Cienie APC w kuleczkach – byłam bardzo sceptyczna jak zobaczyłam je w poprzednim Shiny, ale jak już zaczęłam je używać to się po prostu zakochałam!! Nie dość, że mają świetne kolory, bardzo neutralne i pasujące do wielu kolorów oczu to jeszcze mają bardzo przyjemne mocno satynowe wykończenie i bardzo dobrą trwałość. Jestem na tak i chętnie poszukam innych kolorów!
Tusz Etre Belle Lash-xpress & hyaluronic – kolejny produkt z jednego z pudełeczek Shiny, który skradł moje serce. Bardzo polubiłam ten tusz, ponieważ świetnie rozczesuje rzęsy, ma odcień bardzo głębokiej czerni i poza tym, że po kilku (7-8) godzinach się lekko osypuje, bardzo długo się trzyma w takim samym stanie jak zaraz po nałożeniu. 
The Balm Brow pow, dark – czyli cień do powiek.

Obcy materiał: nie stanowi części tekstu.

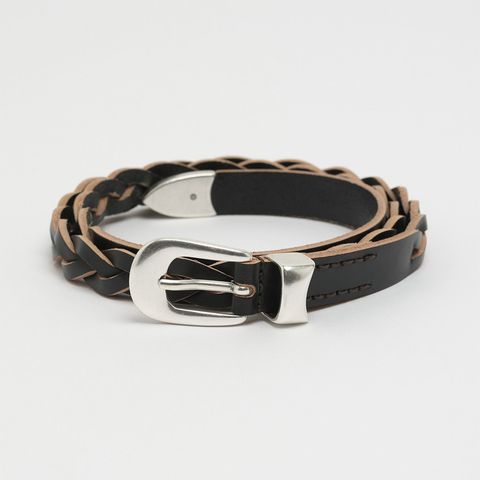 2 CM BRAIDED BELT   Black Leather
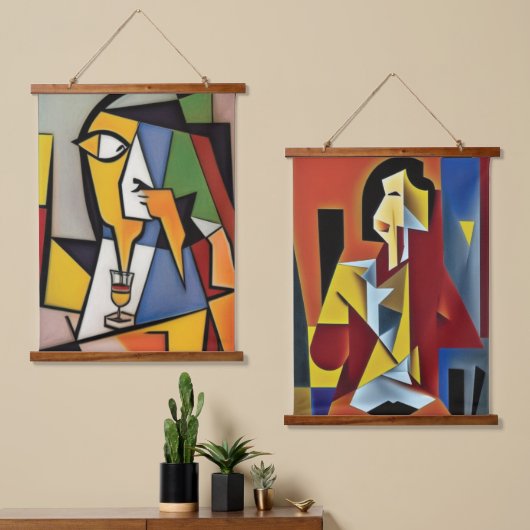 Abstrakter Barkeeper Cubist Wall Tapestry Wandteppich Mit Holzrahmen (Asymmetrisch)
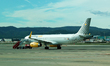 An Airbus A320-232 from Vueling is parked at Barcelona-El Prat airport in Barcelona, Spain...
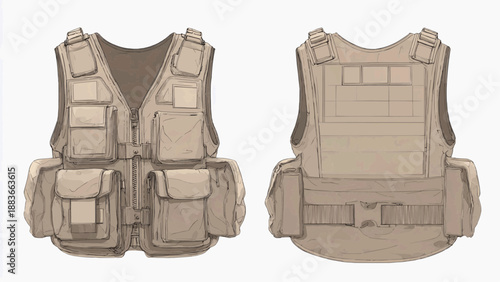 Tactical vest with multiple pouches and compartments on display from front and back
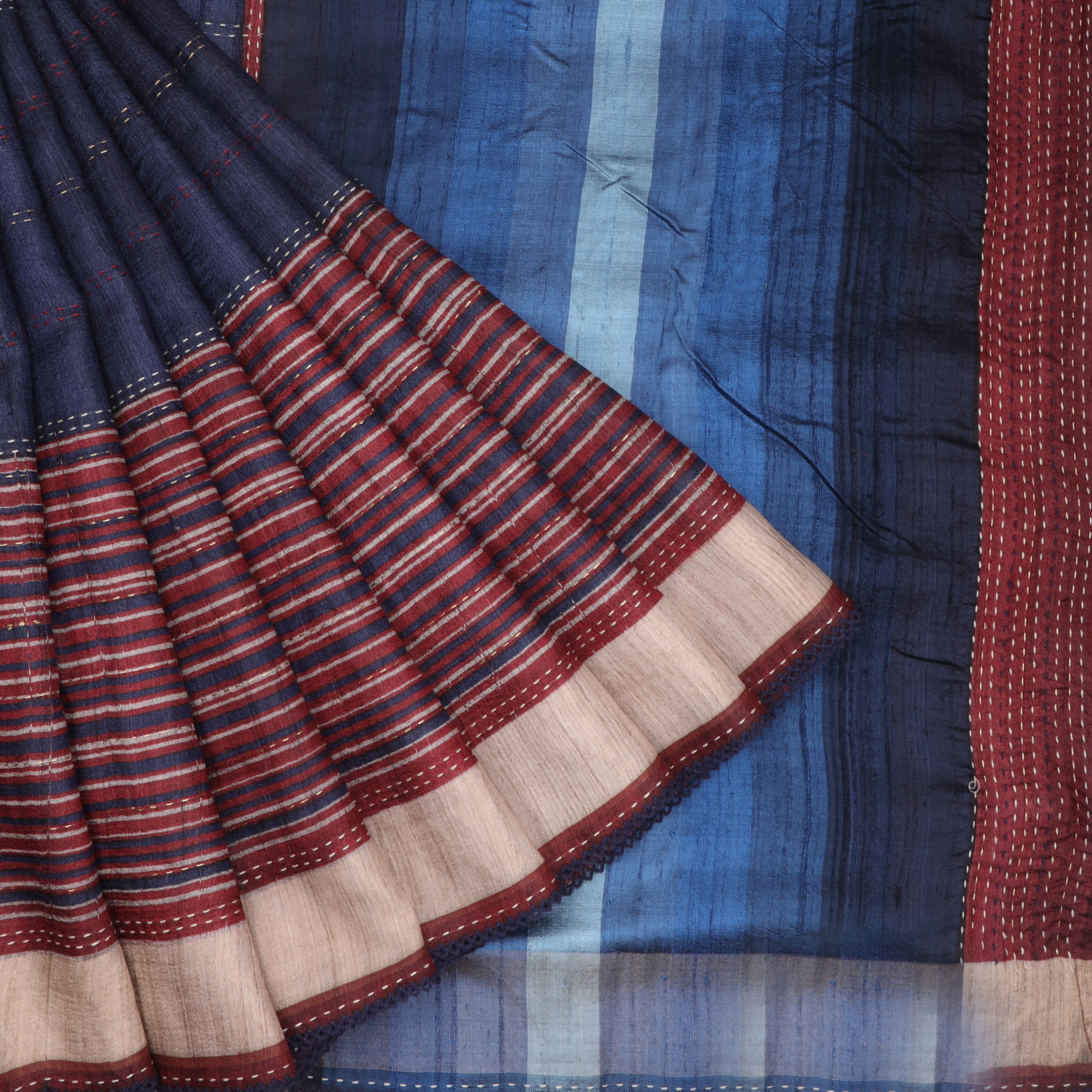 Dark Blue Printed Tussar Saree With Embroidery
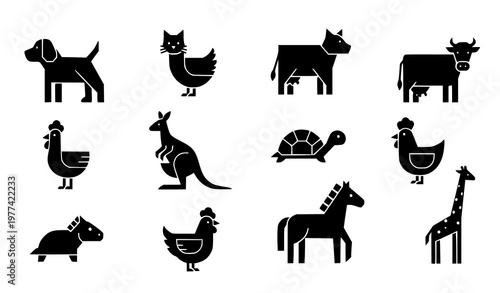 Minimal animal silhouette set dog cat cow chicken kangaroo turtle horse giraffe vector illustration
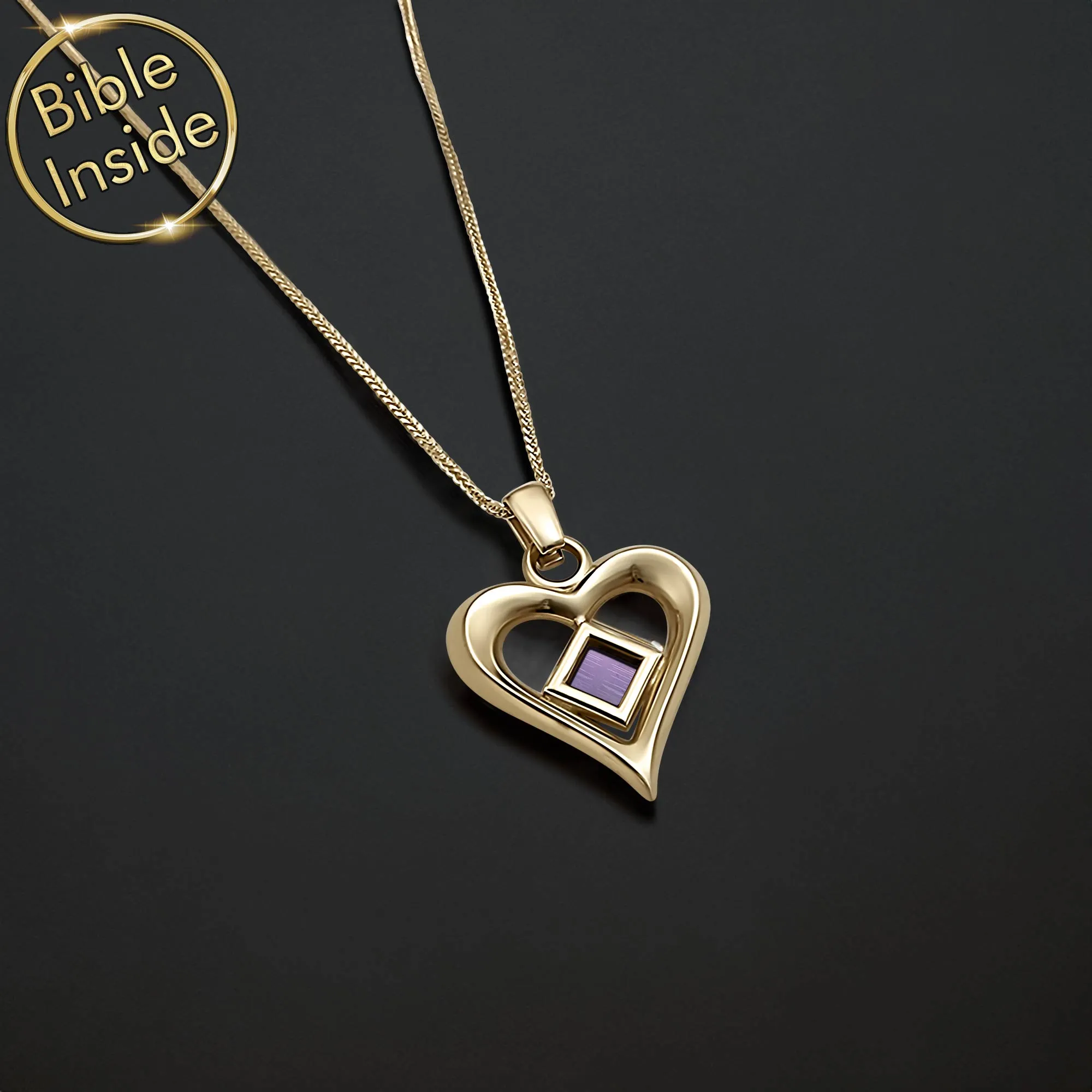 Jewelry For Her - Heart Design With Nano Bible - The Heart's Treasure Pendant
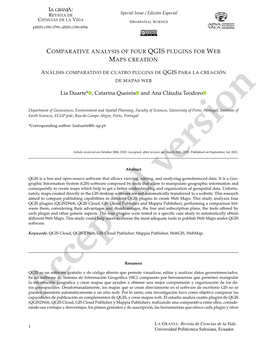 Comparative Analysis of Four QGIS Plugins for Web Maps Creation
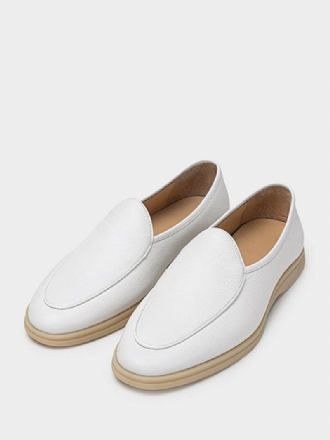 Mäns Loafer Slip-on Rund Toe Kohud Skor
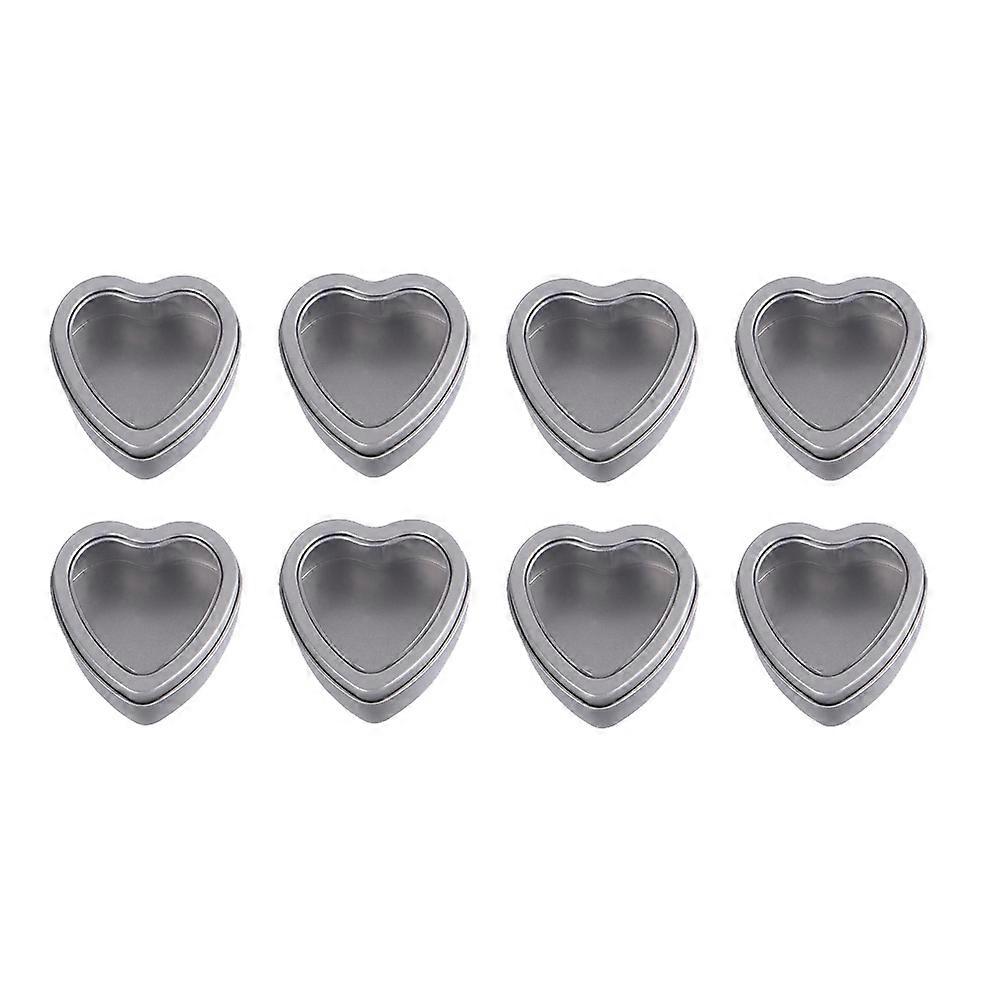 Silver Heart Shaped Candy Box for Storage 8Pcs Transparent Window Tin Cans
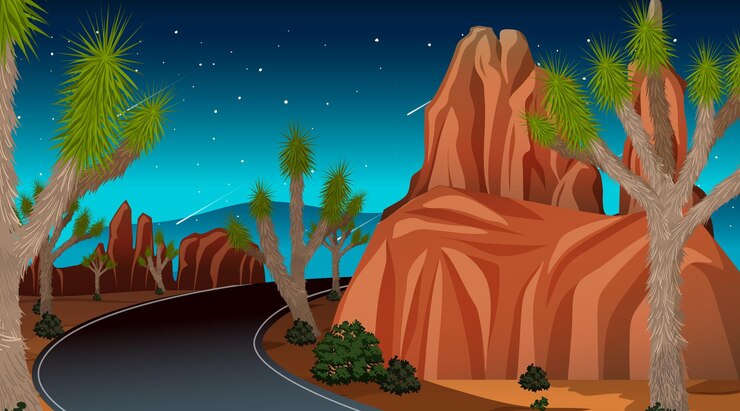 Vettore gratuito lunga strada attraverso la scena del paesaggio desertico di notte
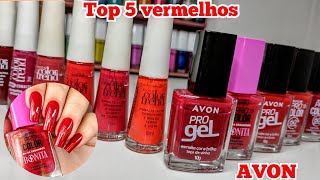 TOP 5 ESMALTES VERMELHOS DA AVON [upl. by Sauers]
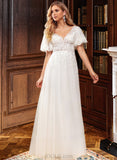 Reina A-Line V-neck Floor-Length Tulle Lace Wedding Dress With Lace Beading Sequins UKP0017041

Używałam go najczęściej w ciągu ostatniego miesiąca, głównie dlatego, że jego aplikacja jest szybka i bezproblemowa. Jest mocno napigmentowany przez co łatwo się nim operuje, głównie dlatego, że równie łatwo się go rozciera na brwiach przez co bez problemu możemy uzyskać efekt gradientu. Świetnie się sprawdza i jestem przekonana, że jeszcze długo będę go używać.
The Balm, paletka Balmsai – jedna z moich nowości listopadowych, do której początkowo nie byłam przekonana. Jednakże jak tylko dostałam ją w swoje ręce totalnie mnie oczarowała. Ma piękne kolory, genialną jakość i cudowne wykończenia. Jestem przekonana, że paleta bardzo długo będzie jedną z moich ulubionych!

          Ostatnim ulubieńcem listopada jest świeca, Chocolate Layer Cake Yankee Candle, która wypełnia moje mieszkanie cudownym słodkim, ale delikatnym i otulającym zapachem czekoladowego tortu. Jest idealna na zimowe dni ponieważ cudownie rozpala zmysły i muszę przyznać, że bardzo się cieszę, że ją kupiłam. Na pewno będzie mi jej brakować jak ją wypalę…

         Może nie jest ich dużo, ale każdy z obecnych tutaj ulubieńców jest wyjątkowy na swój sposób. Na pewno o każdym z nich będę pamiętać i długo, oj długo będę się nimi zachwycać. W końcu jest czym!
A jacy są Wasi ulubieńcy listopada?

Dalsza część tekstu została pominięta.